Saved entries:
***

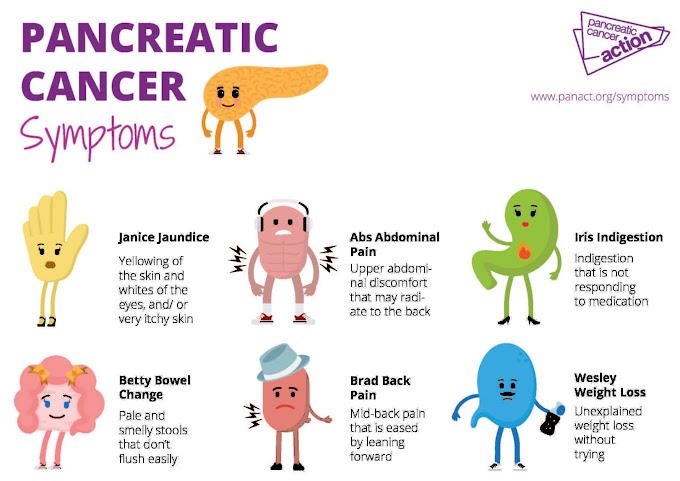 Pancreatic Cancer Stool Pictures : How To Diagnose Pancreatic Cancer 14 Steps With Pictures : The pancreas is a gland about 6 inches long that is shaped like a thin pear lying on its side.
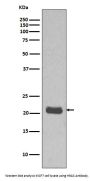 Anti-GTPase HRAS Rabbit Monoclonal Antibody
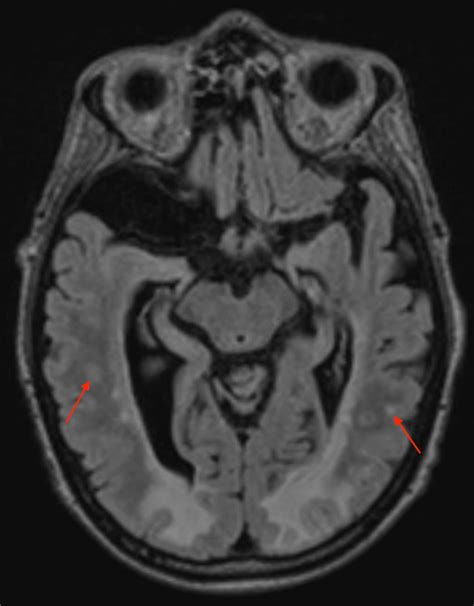 Fluid Attenuated Inversion Recovery Flair Sequence Mri Brain Download Scientific Diagram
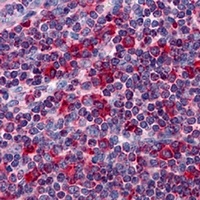 Metadherin Mouse Monoclonal Antibody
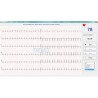 ECG numérique PC SE-1010 Edan, 12 dérivations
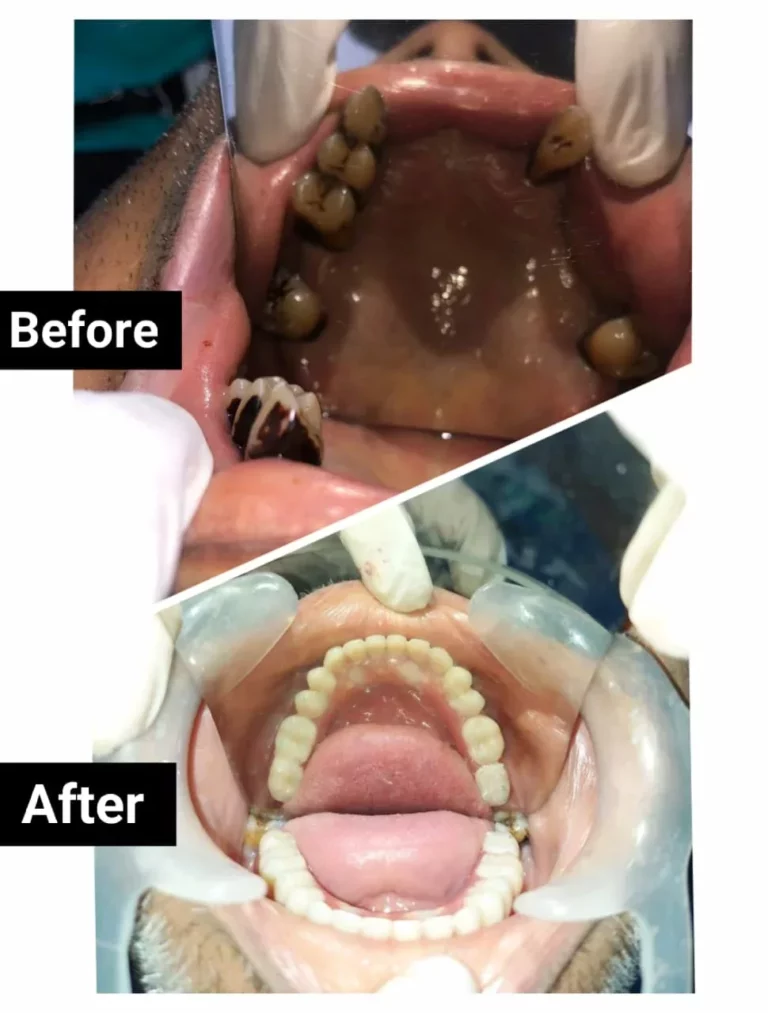 Zygomatic Implant 1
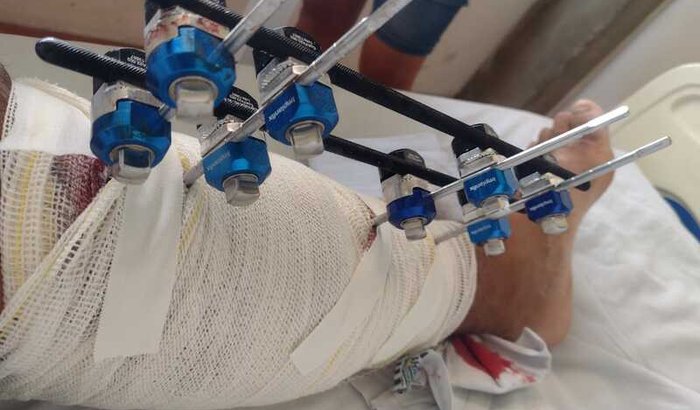 Pós cirurgico para um trabalhador autonomo 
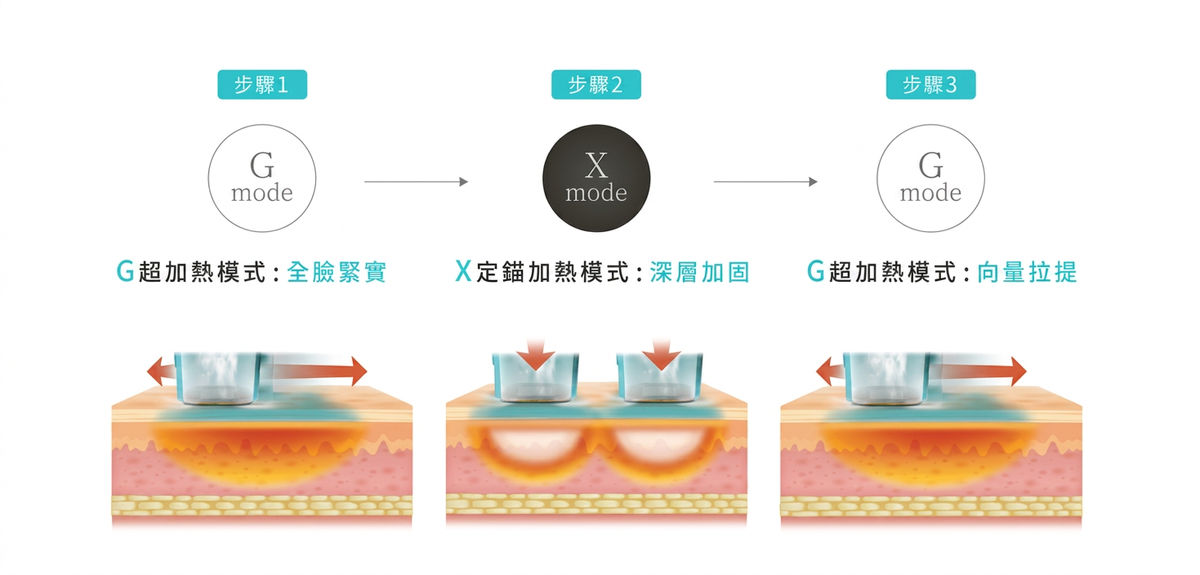 超玩美X電波療程說明圖 3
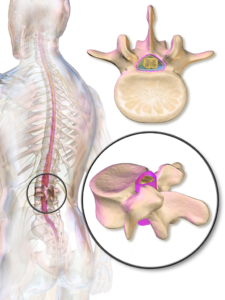 Dura spinal section (Image by Blausen.com staff)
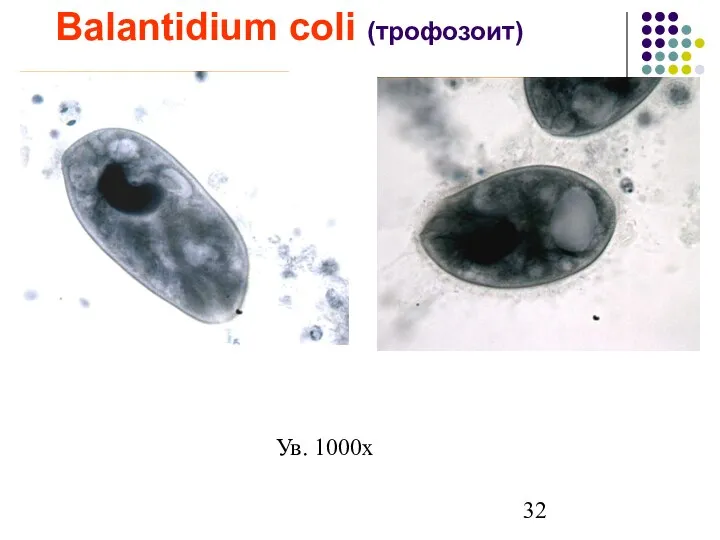 Balantidium coli (трофозоит) Ув. 1000х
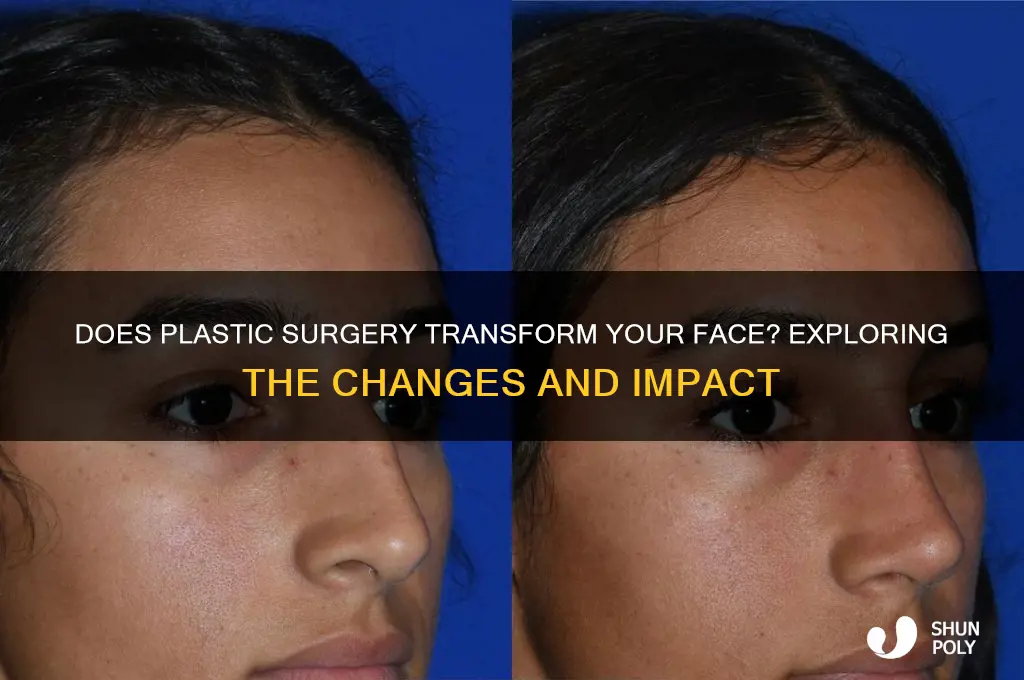 does plastic surgery change your face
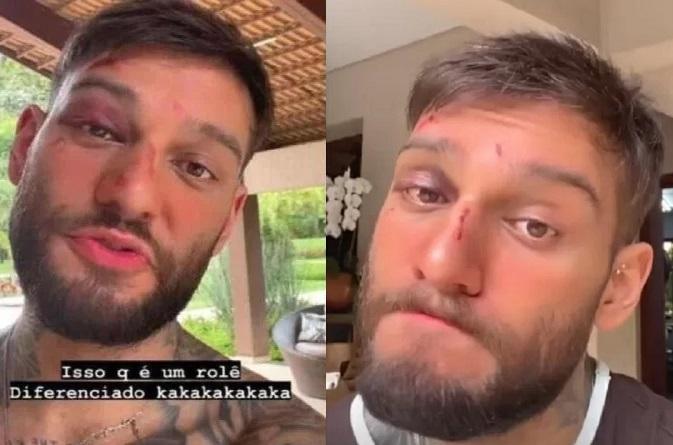 Lucas Lucco mostra o rosto machucado nos stories do Instagram. 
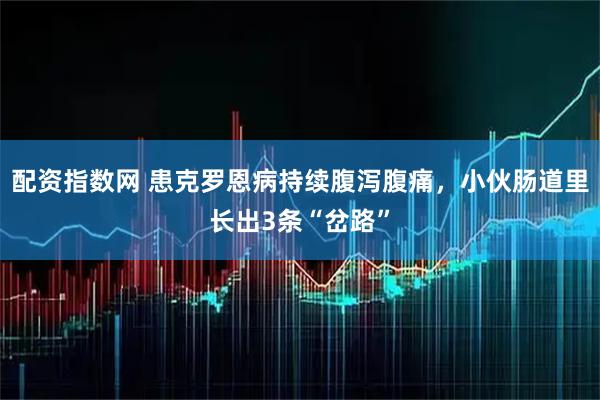 配资指数网 患克罗恩病持续腹泻腹痛，小伙肠道里长出3条“岔路”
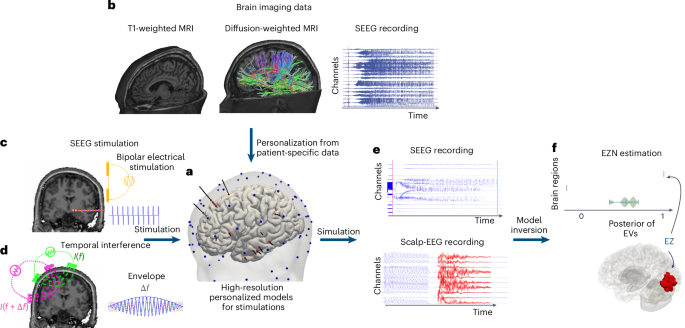 Virtual brain twins for stimulation in epilepsy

***

→ Task requirements:
Could you please repeat the entries above exactly, with every picture left out?

→ Written answer:
 Pancreatic Cancer Stool Pictures : How To Diagnose Pancreatic Cancer 14 Steps With Pictures : The pancreas is a gland about 6 inches long that is shaped like a thin pear lying on its side.
 Anti-GTPase HRAS Rabbit Monoclonal Antibody
 Fluid Attenuated Inversion Recovery Flair Sequence Mri Brain Download Scientific Diagram
 Metadherin Mouse Monoclonal Antibody
 ECG numérique PC SE-1010 Edan, 12 dérivations
 Zygomatic Implant 1
 Pós cirurgico para um trabalhador autonomo 
 超玩美X電波療程說明圖 3
 Dura spinal section (Image by Blausen.com staff)
 Balantidium coli (трофозоит) Ув. 1000х
 does plastic surgery change your face
 Lucas Lucco mostra o rosto machucado nos stories do Instagram. 
 配资指数网 患克罗恩病持续腹泻腹痛，小伙肠道里长出3条“岔路”
 Virtual brain twins for stimulation in epilepsy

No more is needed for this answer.